MR PRICE: There remain issues for our allies to work out among themselves, to discuss among themselves, and we hope to find a productive way forward that will allow us to continue the progress that we’ve seen in the context, in the bilateral context between Japan and the ROK in recent months, and that will allow us to build on the progress that we’ve seen in the trilateral context between Japan, the ROK and the United States over the course of the past two years.
QUESTION: Ned, to what extent the U.S. is concerned about the escalation of tension between Israelis and Palestinians, and between the Israelis themselves?
MR PRICE: So Michel, we have been – we have expressed a tremendous amount of concern in recent days. As you know, we have seen far too much violence, far too much bloodshed. We have roundly condemned and rejected the terrorist attacks that Israel has suffered in recent days. Of course, on Monday we noted the death of a dual U.S.-Israeli citizen who was killed outside Jericho in the latest terrorist attack that we forcefully condemn. In recent days we’ve also seen violence from settlers in the West Bank, violence that has resulted in the loss of life, the destruction of property, and only exacerbated the tensions that we’ve spoken to a great deal in recent days.

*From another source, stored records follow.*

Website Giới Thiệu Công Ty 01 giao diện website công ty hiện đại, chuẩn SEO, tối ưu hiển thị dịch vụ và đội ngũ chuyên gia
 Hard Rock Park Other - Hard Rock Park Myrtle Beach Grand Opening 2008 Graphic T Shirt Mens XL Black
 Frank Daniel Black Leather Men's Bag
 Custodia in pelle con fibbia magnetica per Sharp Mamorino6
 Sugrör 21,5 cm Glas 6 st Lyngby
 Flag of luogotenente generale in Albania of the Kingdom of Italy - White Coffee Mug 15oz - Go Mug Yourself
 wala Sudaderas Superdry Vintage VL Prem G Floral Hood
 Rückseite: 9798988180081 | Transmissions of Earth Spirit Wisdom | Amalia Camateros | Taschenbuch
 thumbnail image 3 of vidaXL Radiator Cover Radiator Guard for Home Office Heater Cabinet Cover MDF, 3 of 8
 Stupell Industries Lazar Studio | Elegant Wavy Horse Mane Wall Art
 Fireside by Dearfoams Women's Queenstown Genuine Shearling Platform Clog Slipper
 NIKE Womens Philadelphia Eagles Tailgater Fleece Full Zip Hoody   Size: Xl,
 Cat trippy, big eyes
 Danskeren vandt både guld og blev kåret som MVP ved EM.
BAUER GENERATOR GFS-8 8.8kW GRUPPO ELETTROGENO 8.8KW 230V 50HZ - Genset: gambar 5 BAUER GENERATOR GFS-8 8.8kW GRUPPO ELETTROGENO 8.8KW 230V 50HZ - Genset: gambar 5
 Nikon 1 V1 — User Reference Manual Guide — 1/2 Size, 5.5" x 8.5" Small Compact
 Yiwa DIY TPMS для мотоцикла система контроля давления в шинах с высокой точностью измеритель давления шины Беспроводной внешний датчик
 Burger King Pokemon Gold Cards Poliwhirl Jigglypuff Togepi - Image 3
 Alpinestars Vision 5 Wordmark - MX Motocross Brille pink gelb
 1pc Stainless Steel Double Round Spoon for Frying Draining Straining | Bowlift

All of this comes in the context of the agreement between the parties that was reached in Aqaba, Jordan over the weekend. That is an agreement that is an – important in and of itself in that the parties sat down together, Israelis and Palestinians together with their American, Egyptian, and Jordanian counterparts, to devise a way forward. But again, what is most important is implementation of what resulted from Aqaba, to see to it that the parties themselves actually fulfill the commitments they have made to one another, the commitments that they made in that broader context.
We’re continuing to watch that very closely. We’re continuing to urge the parties to take steps that concretely result in de-escalation, that serve to ease the tensions that have only escalated in some ways in recent days. It’s important that the parties take these steps; only the parties themselves are the ones who can embark on these steps.
QUESTION: Meanwhile, Israeli finance minister called the Israeli Government to wipe out Huwara village, the Palestinian village. Do you have any comment on that?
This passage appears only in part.